Para o professor Hugo Monteiro Ferreira, diretor do Instituto Menino Miguel, entidade ligada aos direitos humanos na Universidade Federal Rural de Pernambuco, o crime explicita a cultura racista e elitista no País. “Se você quer resumir o Brasil, leia atentamente o caso Miguel. É o Brasil explicitado. É um País de maioria negra que foi constantemente retaliada pela lógica da branquitude e segregadora”, afirma o pesquisador.

Ferreira entende que um dos principais enfrentamentos que o instituto realiza é em relação à violência contra a criança e contra o adolescente, já que são situações que levam a uma convulsão social. “O Instituto Menino Miguel atua, por exemplo, na formação de conselheiros e conselheiras tutelares na tentativa da formação de melhora da atuação do sistema de garantia de direitos”. Ele afirma que a legislação evoluiu ao combater o racismo, mas essa é apenas uma das dimensões.
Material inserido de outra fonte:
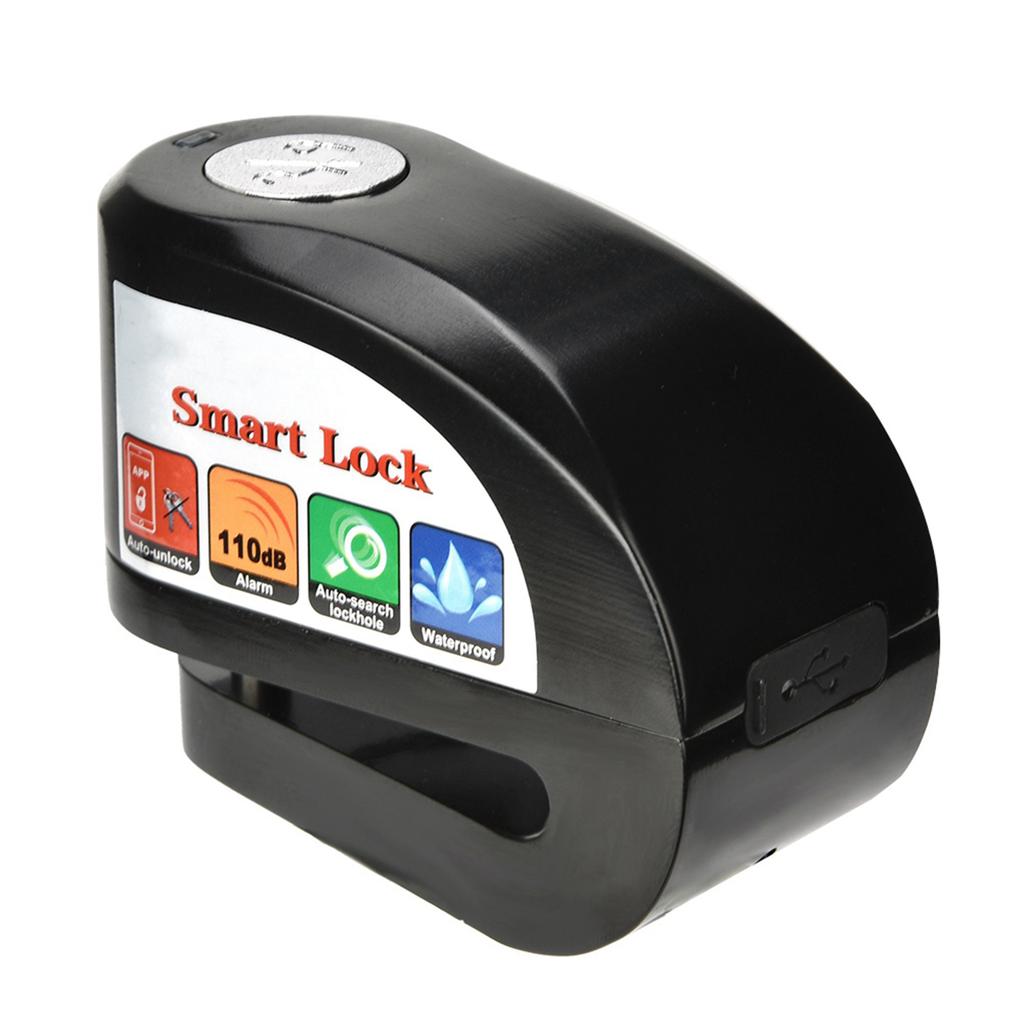 Y801 Smart Bluetooth Motocicleta Bicicleta Bloqueio APP Keyless Auto Furto Lock (Bloqueio do travão de disco)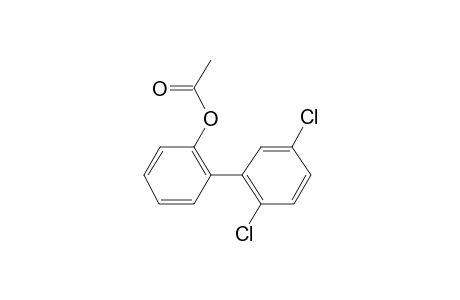 2-Hydroxy-2',5'-dichlorobiphenyl, acetate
“A gente tem uma violência cometida até pelo próprio Estado contra a juventude negra. E tem muitas crianças negras mortas que estão associadas à etnia, à raça e à situação social. Não tenho dúvidas de que, se fosse o contrário (uma criança branca tivesse morrido), a Mirtes estaria presa e não respondendo em liberdade”, aponta.

A educadora Mônica Oliveira, da rede de mulheres negras de Pernambuco, também considera o caso do menino Miguel emblemático porque destaca como o racismo marca a vida de todas as pessoas negras desde antes do seu nascimento no Brasil. “Todas essas desigualdades são comprovadas em pesquisa. O Brasil é um país onde há pouca responsabilização pelo racismo. Do ponto de vista do imaginário da sociedade, o Brasil é um país que teria racismo, mas não racistas”.

Para a ativista, é necessário haver esforço grande para dar destaque a essa e todas as violências racistas. “Racismo é um sistema de opressão. A legislação por si só não resolve. Isso é um lado da questão. Temos um sistema judiciário que evita condenar pessoas por esse crime porque é inafiançável e imprescritível”.

O historiador Humberto Miranda, também pesquisador da Universidade Federal Rural de Pernambuco, observa que o caso do menino Miguel tem a ver com a relação entre “Casa Grande e Senzala”. “Eu costumo dizer que a mão que apertou o botão do elevador é aquela mesma mão da chibata. Que entendia a criança como um futuro empregado doméstico, como um futuro trabalhador braçal”.

Ele avalia que há na história um exemplo da objetificação dessa criança negra, pobre e periférica que “estava incomodando” a mulher em um momento que fazia as unhas. “A história dele revela esse ‘adultocentrismo’ branco e que nega a infância da criança negra. A gente assistiu a vários episódios onde a criança é colocada como aquele objeto dos interesses de adultos”

Quando chega a noite, Mirtes só pensa em estudar. Pensa no filho e no futuro que queria para ele. Lembra que antes dizia que queria fazer o curso de administração. O crime que o filho foi vítima fez com que ela mudasse de ideia.

“Eu resolvi fazer faculdade de direito justamente para ajudar outras mães a não passar pelo que eu venho passando hoje. Eu vou seguir a carreira de advogada e, mais na frente, vou para a promotoria”.

Ela está no quinto semestre do curso e adora o que está aprendendo, e também a força que tem recebido dos colegas e dos professores. 

“Eu me deparei com situações, com vários casos e vi que não é só o caso do Miguel. Eu falo também de crianças negras que foram mortas por conta do racismo e crianças vivas passando por isso. Assim, eu me fortaleço”. 

Aos finais de semana, diz que estuda sem parar. Olha as fotos do filho, cuida da casa e dos sonhos para abastecer a certeza da jornada do hoje e do amanhã. “Eu vou lutar”.